Catulls Gedicht „Odi et amo. quare id faciam, fortasse requiris…“

CATULL

Odi et amo. quare id faciam, fortasse requiris.
nescio, sed fieri sentio et excrucior.

*

Ich hasse und ich liebe. Warum ich das tu, fragst du vielleicht.
Ich weiß es nicht; aber ich fühl, daß es mir widerfährt – und ich leide Qualen.

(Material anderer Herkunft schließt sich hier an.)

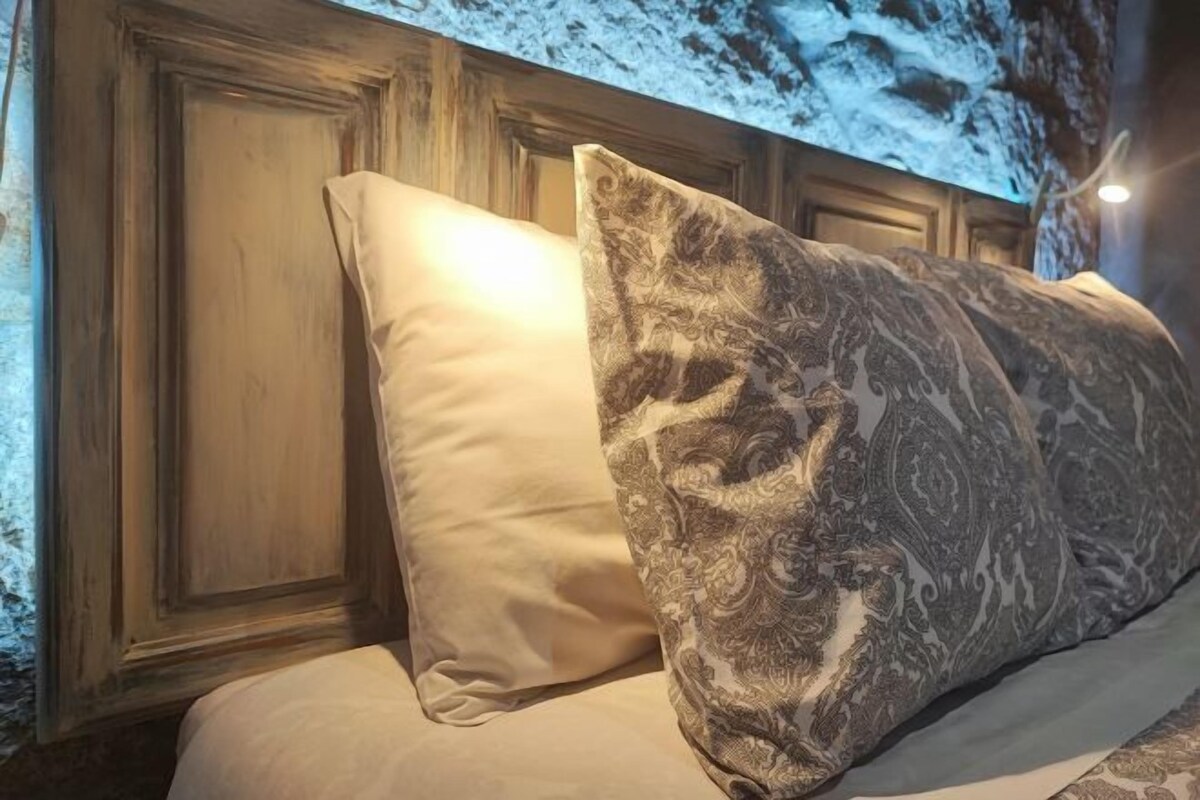 A bed with two pillows, one plain and one patterned, in a room with wooden paneling and a textured wall.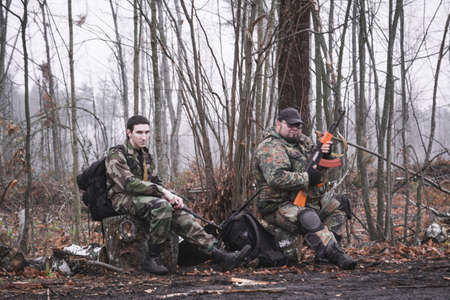 Two Russian soldiers in the forest take a break from a long cross-country trek, war military conceptの写真素材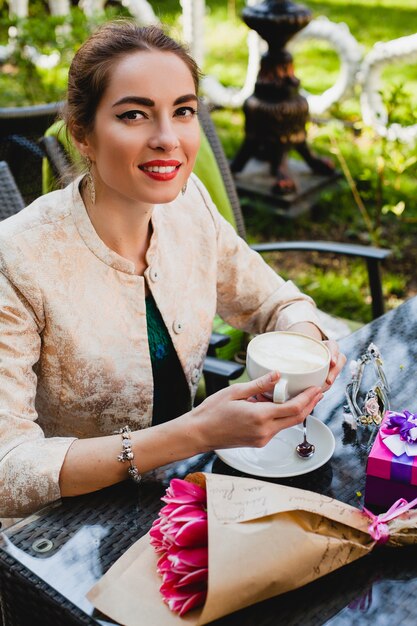 若いスタイリッシュな女性、ファッションサングラス、カフェに座って、カプチーノのカップを保持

Übersetzung: Michael Braun

um 50 v. Chr.

 

Konnotation

Die emotionalen Zerreißproben der Leidenschaft und die Ambivalenzen von Liebe und Hass sind keine moderne Erfindung. Sie zerquälte auch schon die Dichter der Antike, die diverse Philosophien der Lebenskunst ersannen, um den Schmerz zu bannen und ihr Interesse an ungefährdeter Lust zu bewahren. Der römische Dichter Catull, der von ca. 87/86 v. Chr. bis ca. 58/57 v. Chr. lebte, konnte es sich durch seine ökonomische Unabhängigkeit von Patronen leisten, seinen Epikureismus, also sein hedonistisches Lebensprogramm, in sehr drastischen, von Rücksichtnahme freien Gedichten zu bekennen.
Catulls berühmtestes Gedicht, das „Carmen“ 85, handelt von dieser verzweifelten Zerrissenheit zwischen Liebe und Hass. Das Gedicht-Ich vermag den Ursprung dieser „höllischen Pein“ – wie es in einer von rund 80 Übersetzungen ins Deutsche heißt – nicht zu ergründen. Was sich als sinnliche Erfahrung mitteilt, ist einzig die Anwesenheit des Schmerzes selber, der als martervolle „Kreuzigung“ beschrieben wird.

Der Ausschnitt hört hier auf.